EXERCISE AIM.
Among the entries that follow, the required portion opens with the line containing "Rhombic Freshwater Baroque" and closes with the line containing "Gebrannte Mandeln geröstet". Give that portion again exactly, and nothing else.

····················

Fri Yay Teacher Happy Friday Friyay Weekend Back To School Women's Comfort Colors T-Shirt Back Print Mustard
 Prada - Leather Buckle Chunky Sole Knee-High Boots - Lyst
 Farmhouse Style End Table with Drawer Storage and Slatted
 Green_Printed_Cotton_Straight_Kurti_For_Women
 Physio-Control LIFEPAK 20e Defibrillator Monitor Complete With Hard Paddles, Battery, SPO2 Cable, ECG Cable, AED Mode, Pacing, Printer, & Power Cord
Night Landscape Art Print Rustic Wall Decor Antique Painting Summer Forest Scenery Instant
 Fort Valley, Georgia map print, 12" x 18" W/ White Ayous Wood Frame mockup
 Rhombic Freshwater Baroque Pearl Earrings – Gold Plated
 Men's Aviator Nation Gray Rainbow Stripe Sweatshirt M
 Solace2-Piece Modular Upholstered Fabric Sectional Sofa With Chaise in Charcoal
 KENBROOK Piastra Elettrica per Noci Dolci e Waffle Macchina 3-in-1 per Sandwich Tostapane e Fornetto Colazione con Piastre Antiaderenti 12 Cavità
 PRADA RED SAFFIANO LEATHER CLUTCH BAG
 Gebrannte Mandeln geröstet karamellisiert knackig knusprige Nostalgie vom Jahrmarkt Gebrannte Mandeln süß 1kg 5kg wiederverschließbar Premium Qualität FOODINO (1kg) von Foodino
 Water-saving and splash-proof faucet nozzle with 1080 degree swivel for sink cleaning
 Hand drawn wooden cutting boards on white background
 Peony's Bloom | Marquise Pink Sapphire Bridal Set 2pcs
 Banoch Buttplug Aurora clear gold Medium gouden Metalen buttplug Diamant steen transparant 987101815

····················

COMPLETED TASK.
 Rhombic Freshwater Baroque Pearl Earrings – Gold Plated
 Men's Aviator Nation Gray Rainbow Stripe Sweatshirt M
 Solace2-Piece Modular Upholstered Fabric Sectional Sofa With Chaise in Charcoal
 KENBROOK Piastra Elettrica per Noci Dolci e Waffle Macchina 3-in-1 per Sandwich Tostapane e Fornetto Colazione con Piastre Antiaderenti 12 Cavità
 PRADA RED SAFFIANO LEATHER CLUTCH BAG
 Gebrannte Mandeln geröstet karamellisiert knackig knusprige Nostalgie vom Jahrmarkt Gebrannte Mandeln süß 1kg 5kg wiederverschließbar Premium Qualität FOODINO (1kg) von Foodino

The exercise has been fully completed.